== What is being asked ==
The listing is to be duplicated in full, exactly as written.

━━━ Exercise material

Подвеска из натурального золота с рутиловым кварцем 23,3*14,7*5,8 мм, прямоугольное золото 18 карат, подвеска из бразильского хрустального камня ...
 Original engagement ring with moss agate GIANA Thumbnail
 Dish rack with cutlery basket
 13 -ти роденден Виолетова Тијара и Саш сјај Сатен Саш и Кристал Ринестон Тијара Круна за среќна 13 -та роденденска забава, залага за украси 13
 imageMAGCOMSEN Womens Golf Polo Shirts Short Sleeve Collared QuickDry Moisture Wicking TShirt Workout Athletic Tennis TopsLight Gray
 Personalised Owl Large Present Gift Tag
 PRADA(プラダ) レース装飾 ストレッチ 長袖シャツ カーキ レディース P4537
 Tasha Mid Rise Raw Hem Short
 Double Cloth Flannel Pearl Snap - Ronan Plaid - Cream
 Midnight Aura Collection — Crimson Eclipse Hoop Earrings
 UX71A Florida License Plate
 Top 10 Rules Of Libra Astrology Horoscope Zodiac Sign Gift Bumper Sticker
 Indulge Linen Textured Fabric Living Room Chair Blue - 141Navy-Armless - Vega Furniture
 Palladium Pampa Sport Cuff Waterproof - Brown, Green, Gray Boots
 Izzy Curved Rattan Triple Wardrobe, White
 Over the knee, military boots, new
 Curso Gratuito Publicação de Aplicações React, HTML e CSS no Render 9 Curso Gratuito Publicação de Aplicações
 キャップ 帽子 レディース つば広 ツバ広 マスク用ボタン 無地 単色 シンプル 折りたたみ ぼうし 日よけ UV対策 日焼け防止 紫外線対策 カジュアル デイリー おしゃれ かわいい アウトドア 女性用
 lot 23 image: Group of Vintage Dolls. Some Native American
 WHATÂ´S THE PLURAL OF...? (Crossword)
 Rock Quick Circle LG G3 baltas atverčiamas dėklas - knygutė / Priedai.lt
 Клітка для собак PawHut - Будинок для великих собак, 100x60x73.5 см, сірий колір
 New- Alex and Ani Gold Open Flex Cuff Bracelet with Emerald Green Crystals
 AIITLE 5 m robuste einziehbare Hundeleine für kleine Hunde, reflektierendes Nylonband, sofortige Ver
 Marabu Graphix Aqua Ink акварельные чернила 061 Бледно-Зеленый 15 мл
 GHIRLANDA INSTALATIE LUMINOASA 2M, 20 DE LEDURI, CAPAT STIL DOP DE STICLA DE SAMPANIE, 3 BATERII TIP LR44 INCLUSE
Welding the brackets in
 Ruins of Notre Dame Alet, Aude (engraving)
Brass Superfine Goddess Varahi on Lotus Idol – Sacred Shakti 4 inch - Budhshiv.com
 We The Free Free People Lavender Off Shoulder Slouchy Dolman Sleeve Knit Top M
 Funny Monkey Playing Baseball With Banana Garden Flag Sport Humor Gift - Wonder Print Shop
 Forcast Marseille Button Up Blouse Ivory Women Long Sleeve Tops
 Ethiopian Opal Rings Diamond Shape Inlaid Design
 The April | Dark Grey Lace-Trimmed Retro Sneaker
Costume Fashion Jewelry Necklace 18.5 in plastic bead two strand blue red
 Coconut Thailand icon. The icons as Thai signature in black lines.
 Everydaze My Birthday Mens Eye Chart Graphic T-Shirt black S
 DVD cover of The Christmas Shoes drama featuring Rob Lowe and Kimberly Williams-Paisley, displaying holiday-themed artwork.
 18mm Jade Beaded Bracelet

━━━━━━

== Result ==
Подвеска из натурального золота с рутиловым кварцем 23,3*14,7*5,8 мм, прямоугольное золото 18 карат, подвеска из бразильского хрустального камня ...
 Original engagement ring with moss agate GIANA Thumbnail
 Dish rack with cutlery basket
 13 -ти роденден Виолетова Тијара и Саш сјај Сатен Саш и Кристал Ринестон Тијара Круна за среќна 13 -та роденденска забава, залага за украси 13
 imageMAGCOMSEN Womens Golf Polo Shirts Short Sleeve Collared QuickDry Moisture Wicking TShirt Workout Athletic Tennis TopsLight Gray
 Personalised Owl Large Present Gift Tag
 PRADA(プラダ) レース装飾 ストレッチ 長袖シャツ カーキ レディース P4537
 Tasha Mid Rise Raw Hem Short
 Double Cloth Flannel Pearl Snap - Ronan Plaid - Cream
 Midnight Aura Collection — Crimson Eclipse Hoop Earrings
 UX71A Florida License Plate
 Top 10 Rules Of Libra Astrology Horoscope Zodiac Sign Gift Bumper Sticker
 Indulge Linen Textured Fabric Living Room Chair Blue - 141Navy-Armless - Vega Furniture
 Palladium Pampa Sport Cuff Waterproof - Brown, Green, Gray Boots
 Izzy Curved Rattan Triple Wardrobe, White
 Over the knee, military boots, new
 Curso Gratuito Publicação de Aplicações React, HTML e CSS no Render 9 Curso Gratuito Publicação de Aplicações
 キャップ 帽子 レディース つば広 ツバ広 マスク用ボタン 無地 単色 シンプル 折りたたみ ぼうし 日よけ UV対策 日焼け防止 紫外線対策 カジュアル デイリー おしゃれ かわいい アウトドア 女性用
 lot 23 image: Group of Vintage Dolls. Some Native American
 WHATÂ´S THE PLURAL OF...? (Crossword)
 Rock Quick Circle LG G3 baltas atverčiamas dėklas - knygutė / Priedai.lt
 Клітка для собак PawHut - Будинок для великих собак, 100x60x73.5 см, сірий колір
 New- Alex and Ani Gold Open Flex Cuff Bracelet with Emerald Green Crystals
 AIITLE 5 m robuste einziehbare Hundeleine für kleine Hunde, reflektierendes Nylonband, sofortige Ver
 Marabu Graphix Aqua Ink акварельные чернила 061 Бледно-Зеленый 15 мл
 GHIRLANDA INSTALATIE LUMINOASA 2M, 20 DE LEDURI, CAPAT STIL DOP DE STICLA DE SAMPANIE, 3 BATERII TIP LR44 INCLUSE
Welding the brackets in
 Ruins of Notre Dame Alet, Aude (engraving)
Brass Superfine Goddess Varahi on Lotus Idol – Sacred Shakti 4 inch - Budhshiv.com
 We The Free Free People Lavender Off Shoulder Slouchy Dolman Sleeve Knit Top M
 Funny Monkey Playing Baseball With Banana Garden Flag Sport Humor Gift - Wonder Print Shop
 Forcast Marseille Button Up Blouse Ivory Women Long Sleeve Tops
 Ethiopian Opal Rings Diamond Shape Inlaid Design
 The April | Dark Grey Lace-Trimmed Retro Sneaker
Costume Fashion Jewelry Necklace 18.5 in plastic bead two strand blue red
 Coconut Thailand icon. The icons as Thai signature in black lines.
 Everydaze My Birthday Mens Eye Chart Graphic T-Shirt black S
 DVD cover of The Christmas Shoes drama featuring Rob Lowe and Kimberly Williams-Paisley, displaying holiday-themed artwork.
 18mm Jade Beaded Bracelet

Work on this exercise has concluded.